The staggering sequel to the incredible "The Sympathizer," "The Committed" picks up the tale of the Crazy Bastard as he struggles to find a post-double agent, post-Indochinese life in Paris. After the devastating end to the previous book, Viet Than Nguyen doubles down on the protagonist's guilt and shame.
"Revolutions are always about making the impossible possible, I said. And I am a revolutionary who has found his revolution."
"You're an idiot who's crazy."
"That could also be true."
Using a fever-dream quality, this book digs into fascinating discussions of philosophical dialectics as subplots to the drug-fueled gangster ride that serves as the spine of "The Committed." Dealing in double meanings, Nguyen finds no topic taboo to parse, dissect, and question, using satire, irony, and outright humor to slightly cushion the blows.
"As for America, just think of Coca-Cola.
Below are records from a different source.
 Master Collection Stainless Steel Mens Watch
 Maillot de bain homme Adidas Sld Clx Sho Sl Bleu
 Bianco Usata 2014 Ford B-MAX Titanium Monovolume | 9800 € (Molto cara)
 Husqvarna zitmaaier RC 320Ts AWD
That elixir is really something, embodying as it does the addictive, teeth-decaying sweetness of a capitalism that was no good for you no matter how it fizzled on the tongue ...
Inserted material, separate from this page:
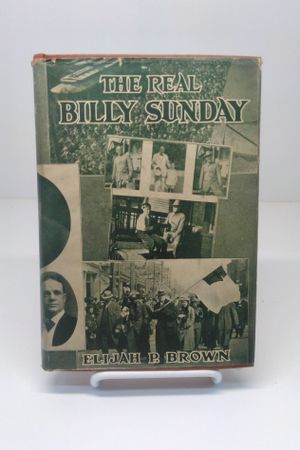The Real Billy Sunday image number 0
"The American Way of Life! Eat too much, work too much, buy too much, read too little, think even less, and die in poverty and insecurity."
The author continues to explore our bizarre relationships to sexuality, as well as fascinating looks at philosophical dialectics. Nguyen favors staggeringly long sentences and there's an occasional shift in point of view that causes pause, but overall this book is (another) revelation.
"The Committed" is an inspired follow-up to a seminal work on post-colonialism and stands on its own as a fierce, frantic tale of what it means -- and what it costs -- to unearth an identity alongside your place in the world.
"This, too, is the dialectic, to take the revolution seriously but not to take the revolutionaries seriously, for when revolutionaries take themselves too seriously, they cock their guns at the crack of a joke. Once that happens, it's all over, the revolutionaries have become the state, the state has become repressive, and the bullets, once used against the oppressor in the name of the people, will be used against the people in their own name. That is why the people, if they wish to survive and dodge those bullets, must be nameless."